The recent earthquakes in Haiti and Chile have underlined the importance of the unique type of protection CCRIF offers. It paid $7.75 Million, or 20 times Haiti’s premium, following the devastating earthquake on January 12, which “demonstrated the speed at which CCRIF is able to make funds available to governments after a disaster,” said the bulletin. “However, the small size of that payment relative to the levels of devastation highlights the need for increased levels of coverage that would result in larger payouts which can do even more to stabilize government services and provide a springboard to more rapid and comprehensive recovery.
“Over the last two and a half years, CCRIF has achieved global prominence as a model for innovative, ex-ante disaster risk transfer. Such mechanisms can and should be included in disaster risk management strategies for countries vulnerable to hurricanes, earthquakes and other natural catastrophe events, and can be a critical component of a country’s climate change adaptation framework.
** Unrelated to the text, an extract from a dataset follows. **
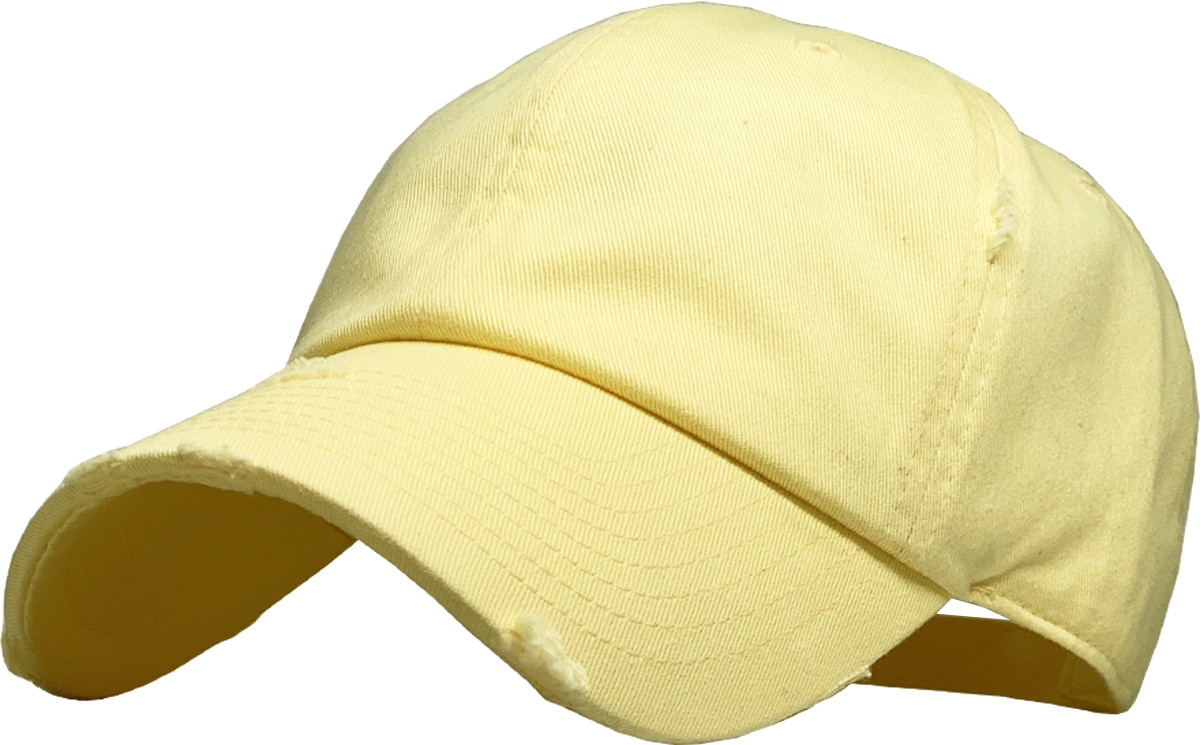 Vanilla Distressed Vintage Baseball Cap Front Side View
CCRIF has previously paid out almost $1 Million to the Dominican and St. Lucian governments after the November 2007 earthquake in the eastern Caribbean and about $6.3 Million to the Turks & Caicos Islands after Hurricane Ike made a direct hit on Grand Turk in September 2008.
The Caribbean countries are now faced with decisions regarding the level of their CCRIF coverage, which is renewed each year on June first, against the backdrop of reduced fiscal space emanating from the continued legacy of the global economic crisis.
The CCRIF Board and operations team have recognized the countries’ predicament. They’ve “been engaged in a number of activities aimed at finding solutions that would enable its members to continue to pursue diversified and dynamic disaster risk management policies. One such activity has been meeting with country clients and key stakeholders towards ascertaining members’ needs and then making the case to international donor partners for the need for assistance in stepping up the level of coverage that countries are able to garner from CCRIF.”
Dr. Simon Young, CEO of Caribbean Risk Managers, the Facility Supervisor of CCRIF, explained: “We believe that there is a very strong case to be made to the international development community to assist CCRIF’s member countries (and potential new members) in ‘upscaling’ the role that risk transfer plays in post-disaster financing.
“In so doing, CCRIF would become an even stronger example of a successful, innovative public-private partnership addressing a core barrier to sustainable development, particularly in the face of climate change.”
The bulletin also noted that at the CARICOM Heads of Government meeting in Dominica, World Bank President Robert Zoellick presented the strong interest of the Bank in developing “a strategy [for the region] that focuses on growth … good fiscal management, effective use of debt, maybe looking at some of the issues of what else one can do to build insurance for some of the natural calamities that tend to create a spike in debt.”